Schadensersatzanspruch von Betroffenen
Ob bei einem DSGVO-Verstoß im konkreten Fall ein Schadensersatzanspruch für den Betroffenen entsteht ist immer einzelfallabhängig. Hier führt das LG Frankfurt/M. an, dass lediglich das Bestehen einer Datenverarbeitung nicht automatisch einen Schaden begründet. Der Schadensersatz soll erlittene Nachteile ausgleichen und nicht als Bestrafung für den Handelnden dienen. Das würde den Schadensersatzanspruch unrechtmäßig zu einem privatrechtlichen Straftatbestand ausweiten. Ein eventueller Schadensersatzanspruch misst sich somit rein an der Höhe der erlittenen Schädigung. Ist diese nicht nachweisbar, hat der Betroffene auch keinen Schadensersatzanspruch.
Kommentar
Die Begründung des Gerichts, warum die Vereinstätigkeit nicht ausschließlich persönlicher Natur ist, fällt sehr knapp aus. Es hätte mehr Beachtung finden können, dass ein Verein als eine persönliche, abgeschlossene Personengruppe gesehen werden könnte. Letztlich kann man der Auffassung des Gerichts jedoch folgen, da der erwähnte Wortlaut tatsächlich sehr einschränkend wirkt. Außerdem kann es in Vereinen durchaus vorkommen, dass personenbezogene Daten verarbeitet werden, die schutzwürdig sind. Dann erscheint es sinnvoll, dass Vereinsmitglieder auch untereinander den Schutz der DSGVO genießen.

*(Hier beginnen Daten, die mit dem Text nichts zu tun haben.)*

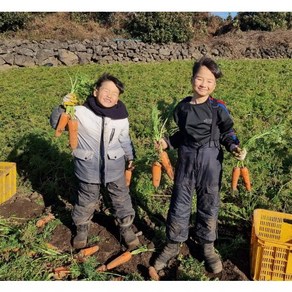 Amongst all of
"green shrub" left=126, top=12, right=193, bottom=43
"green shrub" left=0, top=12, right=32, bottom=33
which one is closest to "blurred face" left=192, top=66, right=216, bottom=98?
"green shrub" left=126, top=12, right=193, bottom=43

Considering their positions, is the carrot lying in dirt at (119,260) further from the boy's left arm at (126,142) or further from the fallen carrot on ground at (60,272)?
the boy's left arm at (126,142)

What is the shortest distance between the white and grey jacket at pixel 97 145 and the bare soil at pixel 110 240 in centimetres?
72

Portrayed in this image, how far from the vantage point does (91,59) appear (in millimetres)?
14805

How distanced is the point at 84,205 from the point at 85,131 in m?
0.71

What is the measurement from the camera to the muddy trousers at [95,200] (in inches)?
144

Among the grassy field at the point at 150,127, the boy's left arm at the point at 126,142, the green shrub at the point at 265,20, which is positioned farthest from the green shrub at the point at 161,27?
the boy's left arm at the point at 126,142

Gleichzeitig ist es deshalb auch nachvollziehbar, warum hier trotz Verletzung kein Schaden angenommen wird. So bleiben die Vereinsmitglieder davor geschützt, dass jemand böswillig monetären Profit aus kleinen Verfahrensfehlern schlagen kann. Das heißt aber nicht, dass sich das Urteil in diesem Punkt verallgemeinern lässt. Vielmehr kommt es dabei in Zukunft weiterhin auf die konkreten Begebenheiten einzelner Fälle an.